La colère
La colère, c'est celle qui m'envahit, sournoisement, insidieusement, depuis des années, mais qui enfle et que je ne vais plus pouvoir contenir. Ce billet, j'en ai eu envie mille fois, j'aurais tourné ça à la rigolade... je n'ai plus envie de rire.
Parce que les convenances dirigent toute leur vie. On fait ce qu'il faut. Accrocher un tableau qu'on nous a offert même si on le trouve hideux. Partir en voyage tous les deux ans avec des gens qu'on n'aime pas, parce qu'on le fait depuis trente ans.

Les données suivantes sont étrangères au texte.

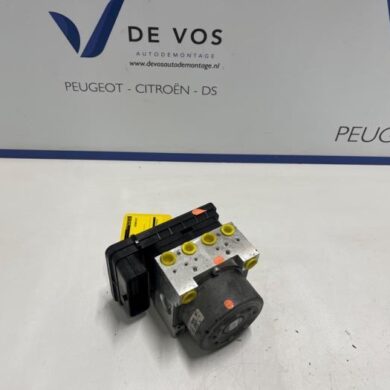 Opel Corsa 1.2 Turbo 12V 100 ABS Pomp HNK-HN05 2019 1673650280-1681013180-9836177780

Acheter cette marque de voiture, la seule valable, et ne pas comprendre que notre véhicule soit d'une autre marque. Ne pas imaginer un instant que nous n'avons pas leurs moyens, ni pour nous rendre dans CE resto chic, ni pour nous offrir CE canapé, et ne pas comprendre pourquoi nous nous contentons de cela.

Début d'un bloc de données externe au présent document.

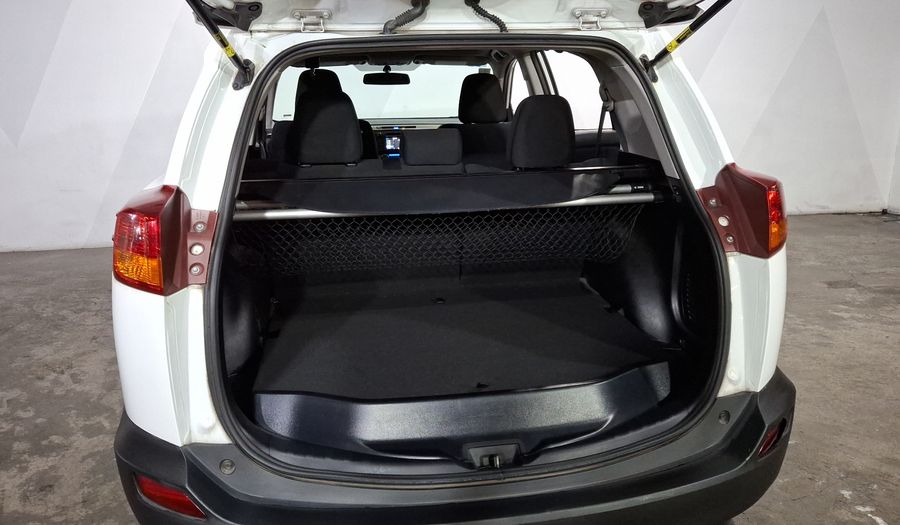 Toyota Rav4 2.5 XLE AWD AT Suv 2015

Parce qu'à chaque fois qu'on leur propose une sortie, histoire de se voir en terrain neutre, leur première réponse est : "Est-ce que les chiens sont admis ?". Parce que j'ai tremblé des années de voir tomber l'un de mes enfants dans le bassin de leur jardin, et qu'une barrière y a été installée lorsque le chien est arrivé. Parce que même Elle rêverait d'avoir même une parcelle des caresses qu'Il prodigue à son chien, tellement plus obéissant que mes enfants. Parce que ce foutu clébard a fait pleurer mon fils un soir de Noël en mangeant ses Playmobils.

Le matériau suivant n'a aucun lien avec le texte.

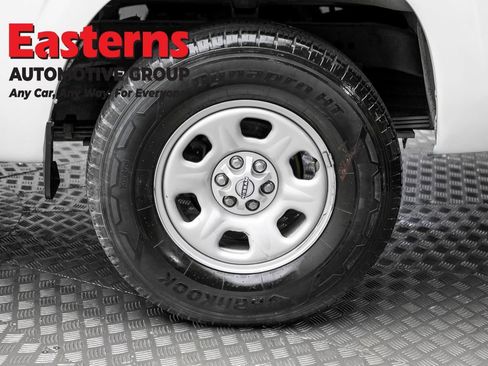 Used 2022 Nissan Frontier S RWD image 8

Parce qu'ils fondent d'admiration devant des gens parvenus, sûrs d'eux, très "comme-il-faut", et tellement bas de plafond humainement parlant. Parce que toute leur vie est basée sur des relations mondaines, superficielles, et qu'ils sont incapables d'écouter jusqu'au bout une seule phrase de leur petit-fils tellement heureux de leur raconter ses vacances.
Parce que son besoin de contrôle dépasse l'entendement, qu'Elle tente de vêtir mes enfants histoire d'être sûre que je ne fasse pas de faute de goût, parce que mes tiroirs ne sont pas rangés dans l'ordre qu'il faudrait. Parce qu'elle est persuadée qu'elle est le respect incarné, et qu'elle n'imagine pas un instant à quel point elle est intrusive et irrespectueuse de nos choix de vie -mais c'est pour notre bien.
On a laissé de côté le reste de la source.